Why Most Stone Shops Misdiagnose Their Labor Problem

If you talk to most stone shop owners right now, you’ll hear the same thing:

“We need more people.”

But in most cases, labor isn’t the real problem.

It’s just the most obvious one.


The Misdiagnosis

When production slows down or jobs start stacking up, the first instinct is to hire.

More installers.
More fabricators.
More people on the floor.

But adding people to a broken process doesn’t fix anything.

It just creates more movement, more confusion, and more cost.


Where Time Actually Gets Lost

The reality is, most shops aren’t losing time during the cut.

They’re losing it everywhere around it.

  • Jobs waiting for approval
  • Slabs sitting staged but not ready
  • Programs needing to be reworked
  • Operators waiting on the next step
  • Material moving inefficiently through the shop

This is where hours disappear.

And over the course of a week, that adds up to real production loss.


Why Hiring Doesn’t Solve It

If your workflow isn’t dialed in, adding more people just shifts the bottleneck.

Instead of one slowdown, you get multiple smaller ones.

More hands don’t create efficiency.
They amplify whatever system you already have.
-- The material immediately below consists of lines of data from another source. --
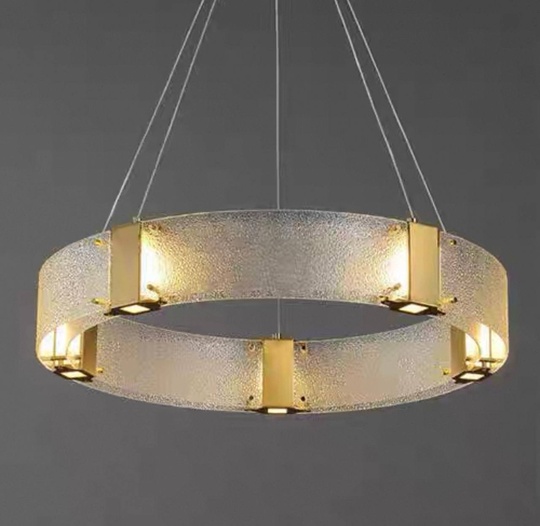 Люстра подвесная, золото, стекло, CHAIM 80*10, металл, LED
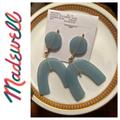 Madewell Jewelry | Madewell Blue Acrylic Shapes Statement Earrings | Color: Blue | Size: Os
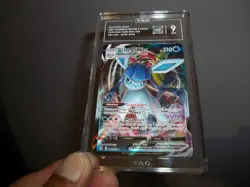 Glaceon VMAX 041/203 SWSH Evolving Skies Ultra Rare Pokemon TAG 9 Mint! not PSA - Image 2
If the system is tight, they help.
If it’s not, they make it worse.


What Actually Moves the Needle

The shops pulling ahead right now aren’t hiring faster.

They’re running tighter.

They’ve focused on:

  • how jobs are staged
  • how programs are prepared
  • how machines are utilized
  • how material flows from start to finish

They’ve eliminated the gaps.


The Real Shift

When workflow is dialed in:

  • crews don’t feel stretched
  • machines don’t sit idle
  • jobs don’t stack unnecessarily

And output increases—without increasing labor.


Conclusion

Most shops don’t have a labor problem.

They have a flow problem.

Fix that, and everything else starts to fall into place.